═════ Exercise materials ═════

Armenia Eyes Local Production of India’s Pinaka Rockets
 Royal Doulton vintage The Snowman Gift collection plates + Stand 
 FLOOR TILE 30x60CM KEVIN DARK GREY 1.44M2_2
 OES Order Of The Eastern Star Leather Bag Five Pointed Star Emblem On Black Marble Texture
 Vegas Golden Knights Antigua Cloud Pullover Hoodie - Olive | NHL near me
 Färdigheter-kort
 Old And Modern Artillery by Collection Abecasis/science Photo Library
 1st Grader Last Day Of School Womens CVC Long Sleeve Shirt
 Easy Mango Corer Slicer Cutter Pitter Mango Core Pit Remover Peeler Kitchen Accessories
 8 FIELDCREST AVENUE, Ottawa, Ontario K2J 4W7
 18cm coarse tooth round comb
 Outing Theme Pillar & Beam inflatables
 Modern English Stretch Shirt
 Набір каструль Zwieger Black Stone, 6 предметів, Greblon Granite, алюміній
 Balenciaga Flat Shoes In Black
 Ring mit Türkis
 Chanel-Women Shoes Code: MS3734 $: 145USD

═════

--- Exercise ---
From the line with "Набір каструль Zwieger" to the last line of the material, give every line again exactly, and only those lines.

--- Solution to this exercise ---
 Набір каструль Zwieger Black Stone, 6 предметів, Greblon Granite, алюміній
 Balenciaga Flat Shoes In Black
 Ring mit Türkis
 Chanel-Women Shoes Code: MS3734 $: 145USD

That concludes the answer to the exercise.